And each of these volatile presences brings the notions of right and
wrong with it; and it is these that make sensuous life tingle with so
strange and so elaborate an excitement. Indirectly then, though not
directly, the mere joy in the act of living will suffer from the loss of
religion, in the same manner, though perhaps not in the same degree, as
the other joys will. It will not lose its existence, but it will lose
zest. The fabric of its pleasures will of course remain what it ever
was; but its brightest inhabitants will have left it. It will be as
desolate as Mayfair in September, or as a deserted college during a long
vacation.

We may here pause in passing, to remark on the shallowness of that
philosophy of culture, to be met with in certain quarters, which, whilst
admitting all that can be said as to the destruction for us of any moral
obligation, yet advises us still to profit by the variety of moral
distinctions. '_Each moment_,' says Mr. Pater for instance, '_some form
grows perfect in hand or face; some tone on the hills or sea is choicer
than the rest; some mood of passion or insight or intellectual
excitement, is irresistibly real and attractive for us_.' And thus, he
adds, '_while all melts under our feet, we may well catch at any
exquisite passion, or any contribution to knowledge, that seems by a
lifted horizon to set the spirit free for a moment, or any stirring of
the senses, strange dyes, strange flowers, and curious odours, or the
work of the artist's hand, or the face of one's friend_.' It is plain
that this positive teaching of culture is open to the same objections,
and is based on the same fallacy, as the positive teaching of morals. It
does not teach us, indeed, to let right and wrong guide us in the choice
of our pleasures, in the sense that we should choose the one sort and
eschew the other; but teaching us to choose the two, in one sense
indifferently, it yet teaches us to choose them as distinct and
contrasted things. It teaches us in fact to combine the two fruits
without confusing their flavours. But in the case of good and evil, as
has been seen, this is quite impossible; for good is only good as the
thing that ought to be chosen; evil is only evil as the thing that ought
not to be chosen; and the only reasons that could justify us in
combining them would altogether prevent our distinguishing them.

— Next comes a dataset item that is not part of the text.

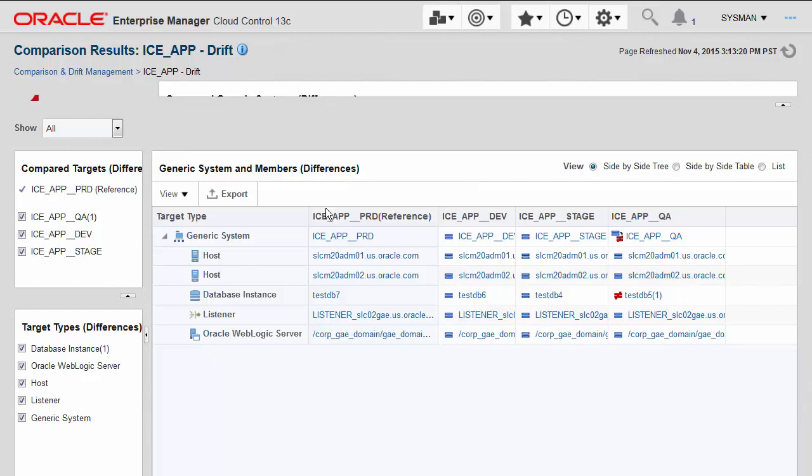You can see that here I have the entire stack modeled for this composite application, consisting of host, database, listener, web logic, etc. And you can see that the one target, the one component of this application in the QA environment that is drifted is the database.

The
teachings of positive culture, in fact, rest on the naïve supposition
that shine and shadow, as it were, are portable things; and that we can
take bright objects out of the sunshine, and dark objects out of the
shadow, and setting them both together in the diffused grey light of a
studio, make a magical mosaic out of them, of gloom and glitter. Or such
teachings, to put the matter yet more simply, are like telling us to
pick a primrose at noonday, and to set it by our bed-side for a
night-light.

It is plain therefore that, in that loss of zest and interest, which the
deadening of the moral sense, as we have seen, must bring to life, we
shall get no help there. The massy fabric of which saints and heroes
were the builders, will never be re-elected by this mincing moral
dandyism.

But there is another last resource of the modern school, which is far
more worthy of attention, and which, being entirely _sui generis_, I
have reserved to treat of here. That resource is the devotion to truth
as truth; not for the sake of its consequences, but in scorn of them.
Here we are told we have at least one moral end that can never be taken
away from us. It will still survive to give life a meaning, a dignity,
and a value, even should the pursuit of it prove destructive to all the
others. The language used by the modern school upon this subject is very
curious and instructive. I will take two typical instances. The common
argument, says Dr. Tyndall, in favour of belief is the comfort and the
gladness that it brings us, its redemption of life, in fact, from that
dead and dull condition we have been just considering. '_To this,_' he
says, '_my reply is that I choose the nobler part of Emerson when, after
various disenchantments, he exclaimed "I covet_ truth!" _The gladness of
true heroism, visits the heart of him who is really competent to say
this._' The following sentences are Professor Huxley's: '_If it is
demonstrated to me,_' he says, '_that without this or that theological
dogma the human race will lapse into bipedal cattle, more brutal than
the beasts by reason of their greater cleverness, my next question is to
ask for the proof of the dogma. If this proof is forthcoming, it is my
conviction that no drowning sailor ever clutched a hen-coop more
tenaciously than mankind will hold by such dogma, whatever it may be.
But if not, then I verily believe that the human race will go its own
evil way; and my only consolation lies in the reflection that, however
bad our posterity may become, so long as they hold by the plain rule of
not pretending to believe what they have no reason to believe, because
it may be to their advantage so to pretend, they will not have reached
the lowest depths of immorality._' I will content myself with these two
instances, but others of a similar kind might be multiplied
indefinitely.

Now by a simple substitution of terms, such language as this will reveal
at once one important fact to us. According to the avowed principles of
positive morality, morality has no other test but happiness. Immorality,
therefore, can have no conceivable meaning but unhappiness, or at least
the means to it, which in this case are hardly distinguishable from the
end; and thus, according to the above rigid reasoners, the human race
will not have reached the lowest depths of misery so long as it rejects
the one thing which _ex hypothesi_ might render it less miserable.
Either then all this talk about truth must really be so much irrelevant
nonsense, or else, if it be not nonsense, the test of conduct is
something distinct from happiness. The question before us is a plain
one, which may be answered in one of two ways, but which positivism
cannot possibly answer in both. Is truth to be sought only because it
conduces to happiness, or is happiness only to be sought for when it is
based on truth? In the latter case truth, not happiness, is the test of
conduct. Are our positive moralists prepared to admit this? If so, let
them explicitly and consistently say so. Let them keep this test and
reject the other, for the two cannot be fused together.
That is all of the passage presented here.